== Segment start ==

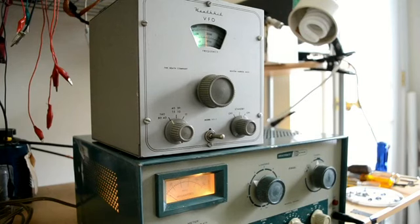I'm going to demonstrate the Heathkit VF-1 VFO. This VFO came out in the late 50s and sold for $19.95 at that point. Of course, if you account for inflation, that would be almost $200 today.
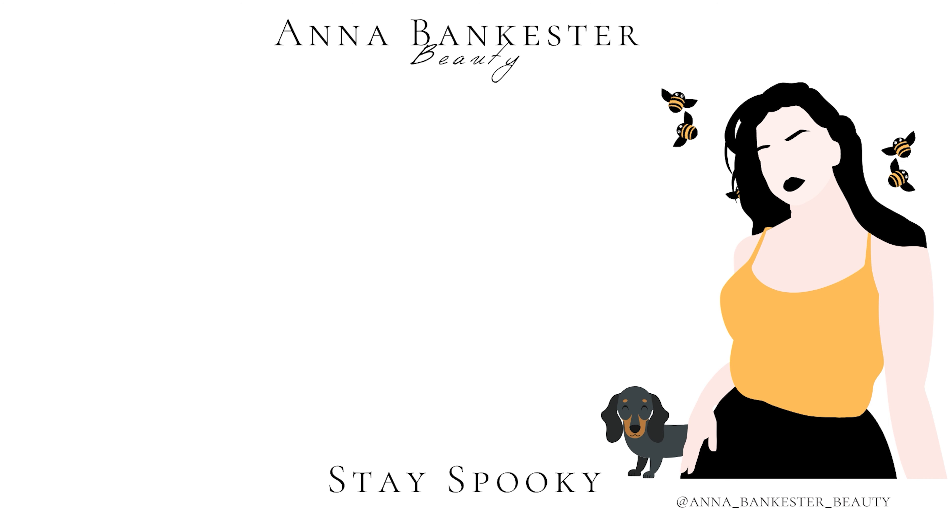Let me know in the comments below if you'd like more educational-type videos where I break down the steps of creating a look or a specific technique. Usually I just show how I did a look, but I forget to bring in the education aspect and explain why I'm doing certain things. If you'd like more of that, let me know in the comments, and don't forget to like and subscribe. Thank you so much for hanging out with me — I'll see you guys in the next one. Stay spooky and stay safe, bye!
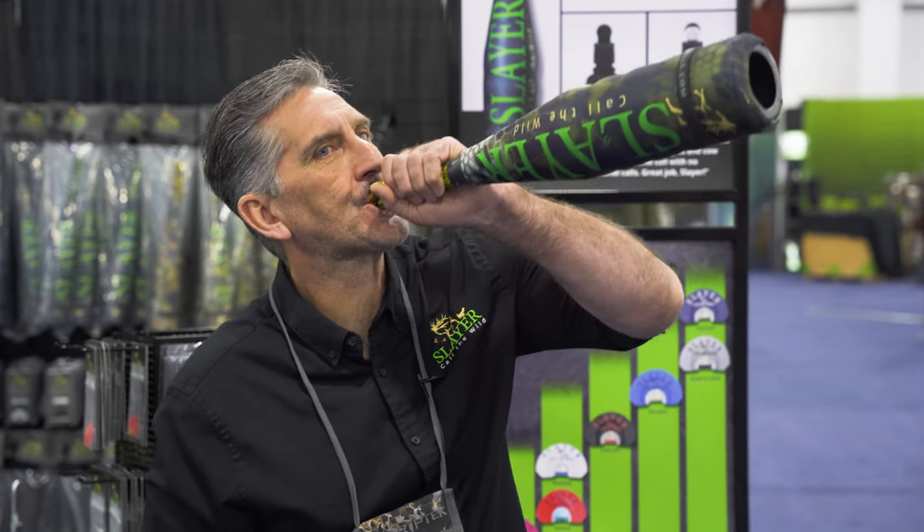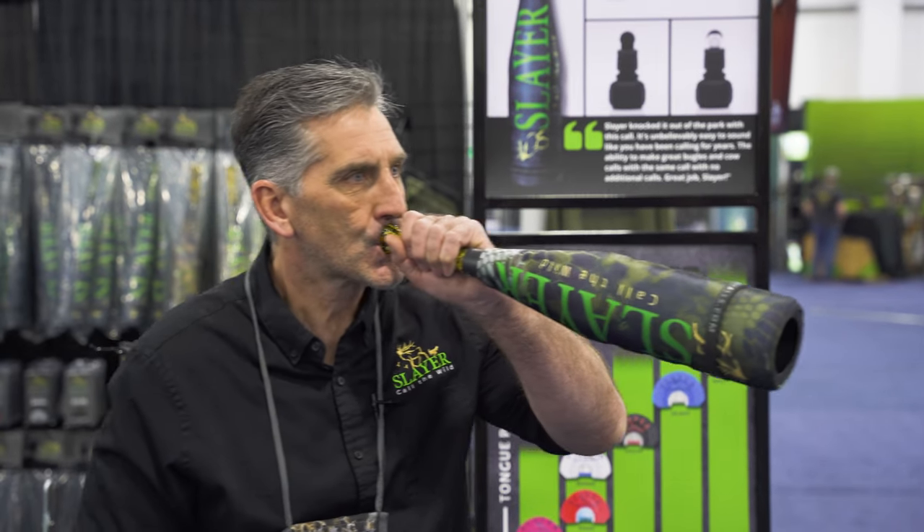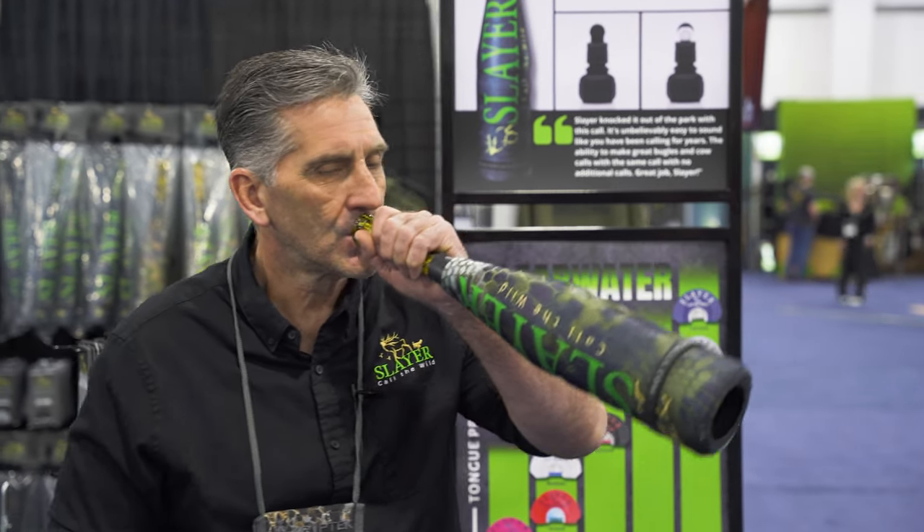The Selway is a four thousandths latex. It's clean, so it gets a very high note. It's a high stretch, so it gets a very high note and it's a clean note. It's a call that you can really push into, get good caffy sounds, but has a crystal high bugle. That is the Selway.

== Segment end ==

_Task statement_.
Restate, word for word, all of the material above, leaving out the images.

_Answer for this exercise_.
I'm going to demonstrate the Heathkit VF-1 VFO. This VFO came out in the late 50s and sold for $19.95 at that point. Of course, if you account for inflation, that would be almost $200 today.
Let me know in the comments below if you'd like more educational-type videos where I break down the steps of creating a look or a specific technique. Usually I just show how I did a look, but I forget to bring in the education aspect and explain why I'm doing certain things. If you'd like more of that, let me know in the comments, and don't forget to like and subscribe. Thank you so much for hanging out with me — I'll see you guys in the next one. Stay spooky and stay safe, bye!
The Selway is a four thousandths latex. It's clean, so it gets a very high note. It's a high stretch, so it gets a very high note and it's a clean note. It's a call that you can really push into, get good caffy sounds, but has a crystal high bugle. That is the Selway.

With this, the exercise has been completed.